President Obama’s Executive Order creating DACA  (Deferred Action for Childhood Arrivals) was unconstitutional. No one challenged it because no one challenged anything President Obama did that was unconstitutional. So President Trump decided to make the Democrats in Congress put up or shut up. He rescinded DACA and gave Congress until March 2018 to come up with an alternative approach. Just for the record, Congress is the branch of government that is supposed to make the law–they are not supposed to be made by Executive Order–all President Trump did was bring us back into alignment with the U.S. Constitution.

The American Thinker posted an article today explaining the dilemma that President Trump created for Senator Schumer by rescinding DACA and giving Congress a deadline.
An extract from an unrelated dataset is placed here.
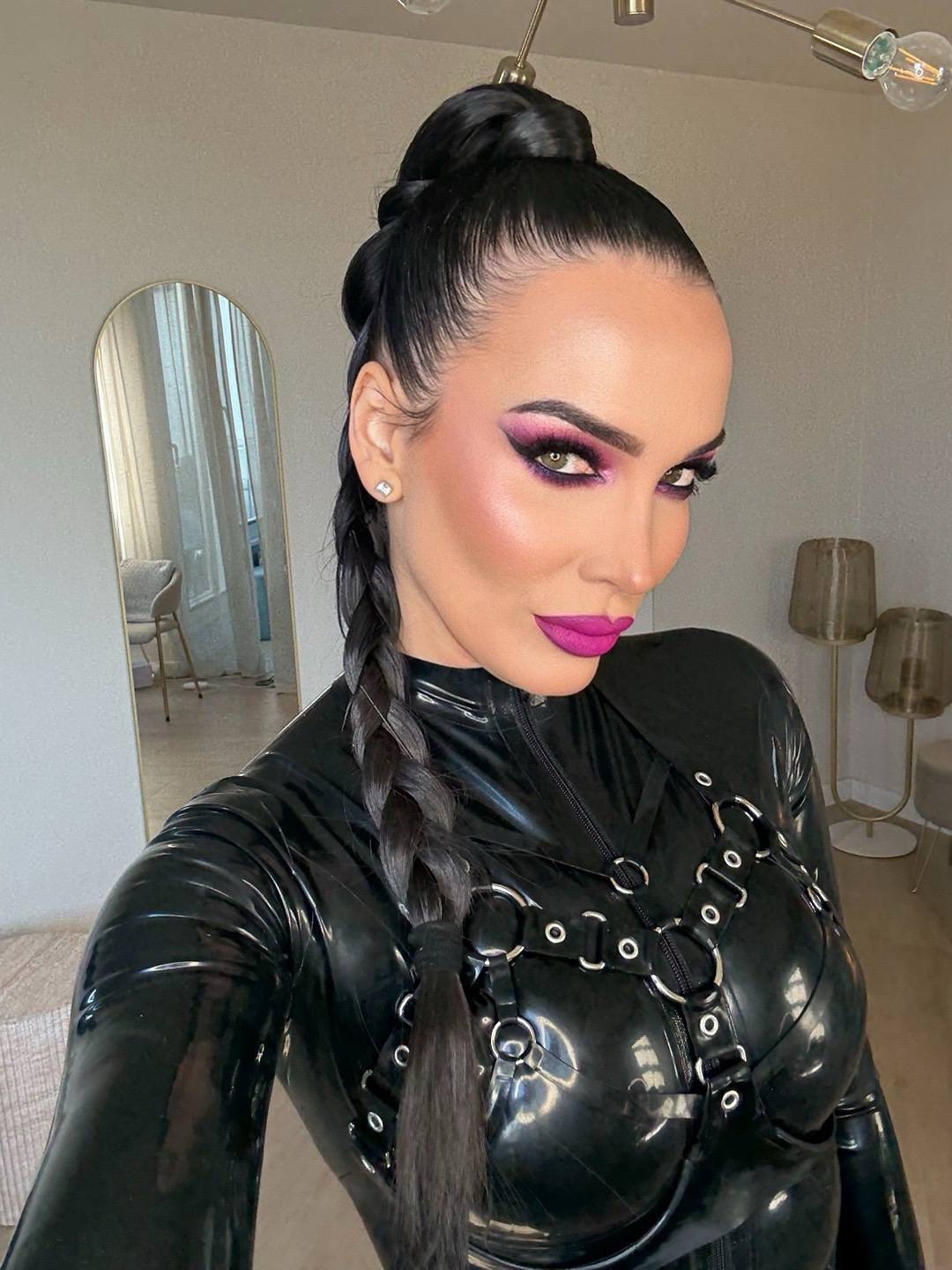 @goddesskara38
Needless to say, Congress is not good at deadlines.

The article reports:

The “young immigrants” in question re the so-called “Dreamers,” that group of illegal immigrants purportedly brought to this country by their parents, one quarter of whom are functionally illiterate and half of whom have not bothered to learn English.  The Democrats correctly see them as future voters, and hope that chain migration triples or quadruples the 800,000 into millions of new Democrats if they are allowed to gain permanent residence and citizenship.
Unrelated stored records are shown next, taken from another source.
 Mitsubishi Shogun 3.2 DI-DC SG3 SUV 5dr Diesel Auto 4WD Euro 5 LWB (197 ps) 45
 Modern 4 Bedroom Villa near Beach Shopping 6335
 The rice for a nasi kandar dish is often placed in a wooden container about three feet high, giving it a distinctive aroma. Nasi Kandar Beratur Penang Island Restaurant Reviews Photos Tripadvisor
The problem is that the general public is far from convinced that legalizing a group of border violators likely to become tax consumers, not tax payers, is the most pressing problem facing the nation, worthy of shutting down the government if Democrats don’t get their way. President Trump already called their bluff when they threatened the continuing resolution over DACA last month and the Dems caved and averted a Christmas season government shutdown. Their problem is that a substantial part of their base is angry over that concession to public opinion

The article concludes:

The Senate Democrats have been able to enforce a remarkable degree of party solidarity, far more discipline than the GOP. That is a huge bargaining asset for Schumer, already empowered by his party’s pickup in Alabama. But DACA looks like it could be a wedge issue destroying that disciplinary power.

This is a no-win situation. Harvard graduate Schumer should be asking himself how he got himself into this situation. But of course, he won’t. Either he alienates his base, or he risks adding to the GOP Senate majority by shutting down the government and having Trump fighting back in ways that never would have occurred to Presidents Bush or any establishment Republicans.

There is also another part of this issue–not all of the dreamers have been model citizens–they have included a number of MS 13 gang members. As Americans see the personal safety risks involved in blanket amnesty for the dreamers, they may demand that each dreamer be looked at as an individual case. We also need to remember that a large percentage of the dreamers are in their thirties by now. This should make it fairly easy to determine who is an asset to our country and who is a liability. Individual meret should be the basis of creating a path toward citizenship.